As much as we were excited about our trip, I was apprehensive about how my kids and I will manage without “help”. Although I tried my best to make them self-dependent at home, there was a lot that was done by our nanny.
We started off by implementing a routine the kids had to follow, for example, every morning each child had to make their bed, go to the bathroom to wash and brush their teeth, then change by themselves (I would have laid out the clothes while they were having breakfast). We weren’t expecting perfectly made beds, but they had to be neat; their pajama’s and underwear had to go in the laundry basket; their dirty dishes in the sink.
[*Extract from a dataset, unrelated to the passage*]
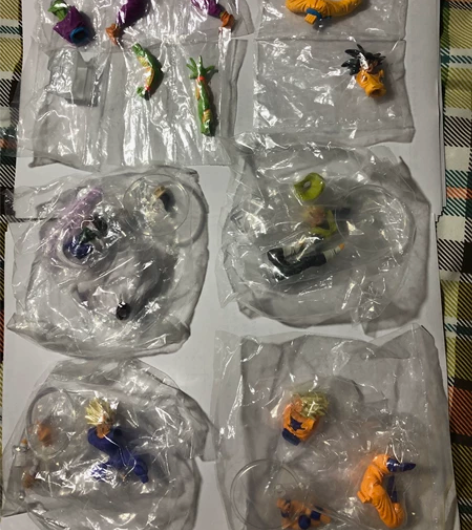 万代正版七龙珠扭蛋（全新一共六款，标价为单...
Behaviorally, we gave the kids a talk once we arrived in London and our expectations were clearly communicated to them (even to our 3 year old). To make sure they stick to the plan, my husband devised a “point system”; every morning the kids start with a 100 points (the full “grade”) and based on what they do during the day they get a plus or minus on their grade system.
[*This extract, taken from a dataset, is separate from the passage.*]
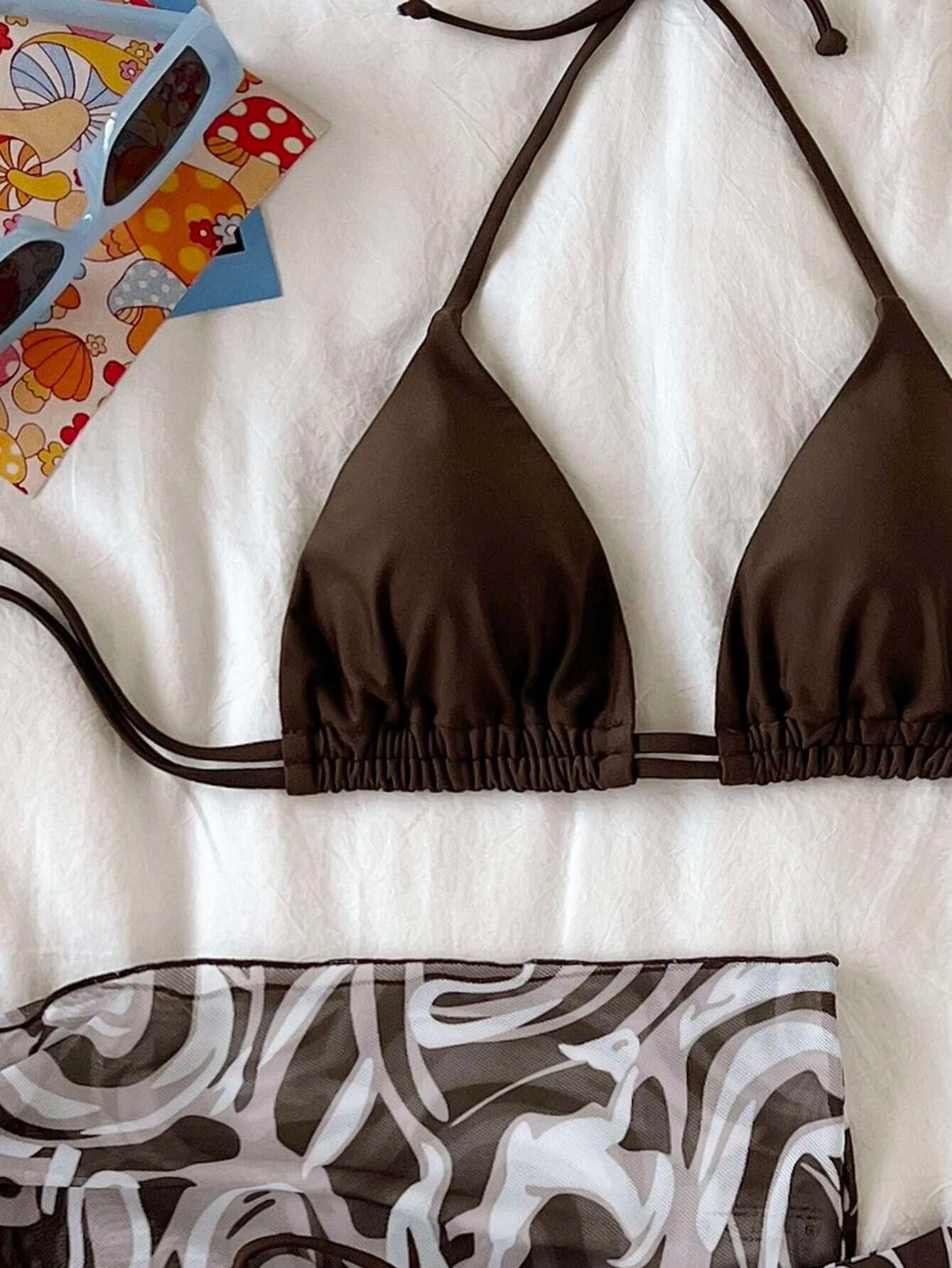 Bikini komplektas SilkySet MB0146 - 3 vnt.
For example, if my 5 year old helps his younger brother to get dressed in the morning he would get 10 extra points (110 points); if he doesn’t listen to instructions while we are heading to the park (goes too far from us), he gets a minus 5.
This point system determines what the kids can buy the next time we visited a theme park, or toy store. The toys weren’t all opened while we are in London, many of those toys would only be opened once we were in Kuwait.
Was it smooth sailing? Absolutely not, it was very bumpy the first 10 days, but once the kids got a hang of it, the minuses lessened and the time-outs faded away. The kids were helping me do the laundry and change the sheets, because they wanted to help, and they were being nice to each other. When we were out they would make sure everyone was close by, they even took their youngest brother to the bathroom when he needed it without my help.
The trip wasn’t a vacation for my husband and I, but it brought us so much closer as a family that it was well worth the physical and mental exhaustion. I saw my kids eat better, play nicer, and discover their own personalities. They were more open to experimenting with food (my eldest loved lobster!) and making new friends from different cultures. It was well worth it.